A recurrence for the number of non-crossing partitions without singletons, using Dyck paths

Let $f(n+1)$ be the number of non-crossing partitions without singletons of $\{1,2,\dots,n+1\}$. There is a well known bijection between the non crossing-partitions (counting also those with singletons) and the Dyck paths by putting $UD^{\lambda_1}UD^{\lambda_2}\dots UD^{\lambda_{n+1}}$, where $$\lambda_i = \begin{cases} \text{the cardinality of the block}, & \text{if $i$ is maximal in its block} \\ 0, & \text{otherwise} \end{cases}$$

an example from https://www.researchgate.net/publication/1888140_Catalan%27s_intervals_and_realizers_of_triangulations/figures?lo=1

The number of Dyck paths of half-length $n+1$ is given by the famous Catalan numbers recurrence: $$C_{n+1}=\sum_{k=0}^nC_kC_{n-k}$$

Now, I want to find a recurrence for $f(n+1)$ which will be not that far from the Catalan decomposition, since we can see the non-crossing partitions of $\{1,2,\dots,n+1\}$ as a subset of the Dyck paths:

to do this, starting from $(0,0)$, I can set the very first step that is required to be a $U$, similarly I can fix the first step, to the right of $(0,0)$, at which the path hits the $x$-axis. Between those two steps I can settle a Dyck path of half-length $k$, with $k = 0, 1, \dots , n$ (and I have $f(k)$ ways to do that with paths which are images of non-crossing partitions without singletons), the remaining path of half-length $n-k$ will be covered in $f(n-k)$ ways. By adding for all of the possible values of $k$ I have found again the Catalan decomposition: $$\sum_{k=0}^nf(k)f(n-k)$$

To have $f(n+1)$ I must subtract $1$ from that sum when $n$ is even and I must add $1$ whenever $n$ is odd, resulting in: $$f(n+1)=- (-1)^n+\sum_{k=0}^nf(k)f(n-k)$$

however, I can't see how to justify that in a combinatorial way, any idea?

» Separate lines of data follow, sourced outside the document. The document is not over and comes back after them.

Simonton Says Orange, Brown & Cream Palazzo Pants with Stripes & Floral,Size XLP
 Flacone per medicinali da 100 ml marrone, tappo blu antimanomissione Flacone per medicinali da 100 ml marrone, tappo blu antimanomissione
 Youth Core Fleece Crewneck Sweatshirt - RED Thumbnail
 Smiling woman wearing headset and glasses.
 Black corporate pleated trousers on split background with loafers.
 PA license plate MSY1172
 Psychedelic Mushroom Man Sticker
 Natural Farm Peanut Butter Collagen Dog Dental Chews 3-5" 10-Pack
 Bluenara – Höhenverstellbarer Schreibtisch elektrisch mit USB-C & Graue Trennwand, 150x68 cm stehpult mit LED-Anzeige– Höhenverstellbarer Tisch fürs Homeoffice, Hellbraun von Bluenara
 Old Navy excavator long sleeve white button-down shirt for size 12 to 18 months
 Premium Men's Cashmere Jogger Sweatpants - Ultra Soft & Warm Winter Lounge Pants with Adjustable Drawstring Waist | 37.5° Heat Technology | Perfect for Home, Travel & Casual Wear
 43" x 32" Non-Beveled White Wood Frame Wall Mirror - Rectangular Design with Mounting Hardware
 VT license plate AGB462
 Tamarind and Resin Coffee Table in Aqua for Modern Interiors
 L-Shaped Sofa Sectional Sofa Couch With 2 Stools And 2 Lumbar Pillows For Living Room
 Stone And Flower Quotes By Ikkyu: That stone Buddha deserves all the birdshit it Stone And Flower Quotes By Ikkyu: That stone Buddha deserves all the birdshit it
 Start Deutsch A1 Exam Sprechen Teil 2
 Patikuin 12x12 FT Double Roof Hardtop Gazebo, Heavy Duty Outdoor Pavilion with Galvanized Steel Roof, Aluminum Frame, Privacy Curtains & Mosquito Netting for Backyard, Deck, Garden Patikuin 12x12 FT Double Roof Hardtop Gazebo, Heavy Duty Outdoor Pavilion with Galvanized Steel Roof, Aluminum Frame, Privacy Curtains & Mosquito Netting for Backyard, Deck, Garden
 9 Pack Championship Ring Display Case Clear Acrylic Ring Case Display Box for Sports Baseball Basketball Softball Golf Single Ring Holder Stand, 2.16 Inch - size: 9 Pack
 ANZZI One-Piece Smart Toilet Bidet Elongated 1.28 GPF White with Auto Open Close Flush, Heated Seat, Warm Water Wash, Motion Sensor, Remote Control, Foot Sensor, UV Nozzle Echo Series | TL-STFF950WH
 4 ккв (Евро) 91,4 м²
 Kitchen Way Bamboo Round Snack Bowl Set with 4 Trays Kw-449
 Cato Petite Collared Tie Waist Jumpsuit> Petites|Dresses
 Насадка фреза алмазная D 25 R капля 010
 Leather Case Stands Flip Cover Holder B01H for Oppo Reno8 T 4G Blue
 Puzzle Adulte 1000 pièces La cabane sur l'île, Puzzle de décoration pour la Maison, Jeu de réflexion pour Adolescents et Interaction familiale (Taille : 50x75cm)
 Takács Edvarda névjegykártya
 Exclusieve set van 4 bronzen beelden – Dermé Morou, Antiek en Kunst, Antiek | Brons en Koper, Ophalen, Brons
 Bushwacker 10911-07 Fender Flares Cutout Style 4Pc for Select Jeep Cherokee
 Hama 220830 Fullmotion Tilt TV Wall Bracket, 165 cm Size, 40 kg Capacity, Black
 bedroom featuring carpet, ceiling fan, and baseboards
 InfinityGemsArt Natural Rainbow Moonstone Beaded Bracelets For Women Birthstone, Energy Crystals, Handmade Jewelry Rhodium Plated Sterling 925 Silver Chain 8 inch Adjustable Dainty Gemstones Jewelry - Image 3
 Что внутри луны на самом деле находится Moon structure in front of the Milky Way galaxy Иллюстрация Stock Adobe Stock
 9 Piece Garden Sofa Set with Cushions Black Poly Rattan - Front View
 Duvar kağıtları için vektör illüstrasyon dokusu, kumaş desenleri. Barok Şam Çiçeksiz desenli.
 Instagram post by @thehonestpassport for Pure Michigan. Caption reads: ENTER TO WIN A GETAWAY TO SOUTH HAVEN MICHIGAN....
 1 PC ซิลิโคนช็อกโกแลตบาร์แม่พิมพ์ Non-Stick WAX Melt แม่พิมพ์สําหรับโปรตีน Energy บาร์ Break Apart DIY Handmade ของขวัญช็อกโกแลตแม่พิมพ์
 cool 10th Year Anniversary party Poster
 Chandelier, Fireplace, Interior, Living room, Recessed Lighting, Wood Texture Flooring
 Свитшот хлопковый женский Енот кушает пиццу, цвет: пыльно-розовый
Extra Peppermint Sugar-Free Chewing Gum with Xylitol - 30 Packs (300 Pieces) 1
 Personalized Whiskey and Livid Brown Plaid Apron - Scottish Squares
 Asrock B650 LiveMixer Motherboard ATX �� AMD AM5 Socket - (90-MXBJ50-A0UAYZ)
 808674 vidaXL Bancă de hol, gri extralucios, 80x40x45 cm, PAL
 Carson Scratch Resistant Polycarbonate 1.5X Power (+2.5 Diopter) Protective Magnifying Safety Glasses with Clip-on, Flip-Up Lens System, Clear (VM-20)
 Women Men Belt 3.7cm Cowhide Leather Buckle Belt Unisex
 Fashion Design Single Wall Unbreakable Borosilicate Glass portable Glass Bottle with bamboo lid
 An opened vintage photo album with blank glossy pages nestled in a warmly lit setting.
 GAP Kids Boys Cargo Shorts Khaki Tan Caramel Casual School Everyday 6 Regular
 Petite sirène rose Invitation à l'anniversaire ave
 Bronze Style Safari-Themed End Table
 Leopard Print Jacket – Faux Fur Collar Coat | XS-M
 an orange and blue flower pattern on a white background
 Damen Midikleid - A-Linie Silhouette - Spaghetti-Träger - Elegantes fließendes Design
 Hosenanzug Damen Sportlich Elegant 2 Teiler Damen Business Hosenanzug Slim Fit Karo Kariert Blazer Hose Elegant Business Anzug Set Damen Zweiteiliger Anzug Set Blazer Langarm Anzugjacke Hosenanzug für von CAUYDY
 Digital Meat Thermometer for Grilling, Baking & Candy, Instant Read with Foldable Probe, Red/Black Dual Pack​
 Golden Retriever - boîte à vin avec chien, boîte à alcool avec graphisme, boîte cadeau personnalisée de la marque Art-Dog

$f$ generates the Riordan numbers, OEIS A005043, and the combinatorial proof of their Catalan-like recurrence below is adapted from Bernhart's Catalan, Motzkin and Riordan numbers listed as a reference there.

Bernhart defines a short bush as a rooted ordered tree that is either trivial ($0$) or where all internal vertices have at least two children. If $b(n)$ is the number of such bushes with $n$ edges, $b(n)$ satisfies the same Catalan-like recurrence as $f(n)$ through the following almost-bijection between short bushes with $n+1$ edges and ordered pairs of short bushes with $n$ total edges:

Descend into the leftmost child of each vertex from the root $r$ of a short bush $B$ until encountering

  • a vertex $v$ with at least $3$ children: If $v\ne r$, $v$ has exactly one sibling $w$; shift the subtree rooted at $v$ except its leftmost branch, denoted $S$ and itself a non-trivial short bush, to $w$ and contract the resulting degree-$2$ vertex to produce another short bush $B'$. $B$ then maps to $(B',0)$. If $v=r$, $B$ instead maps to $(C,S)$ where $S$ is defined above and $C$ is the subtree rooted at $v$'s leftmost child (also a short bush, but may be trivial).
  • a vertex $v$ with $2$ children, the right one of which is not a leaf: Merge that right child with $v$ to get $B'$; $B$ maps to $(B',0)$.
  • a leaf: $B$ in this case is not mapped to anything, and must be a binary tree where all right children are leaves, hence an even number $2k$ of edges. There is only one such tree $B_{2k}$ for each even number.

There exists an inverse to this map, but $(B_{2k},0)$ has no inverse. The existence of these unmatchable objects adds $1$ to $b(n)$ when $n$ is even and subtracts $1$ when it is odd, thus showing the Catalan-like recurrence.

$b(n)$ is in turn equivalent to the number of "feasible" non-crossing partitions of $n$ objects, where no part uses two consecutive items when the items form a circle, and from there equivalent to $f(n)$ through the following bijections:

Postorder-traverse the edges, using unbroken paths under this order as part labels. Then preorder-traverse the edges and write the part labels in this order around a circle – since we started with a short bush, it is easy to prove that the resulting partition is feasible non-crossing.

Now given a feasible non-crossing partition, form its dual by interlacing new items between the old ones and grouping them into new parts using the old partitions as boundaries. The aforementioned property guarantees that the dual partition is non-crossing with no singletons (which would arise iff a part of the old partition used consecutive items), completing the $b(n)=f(n)$ proof.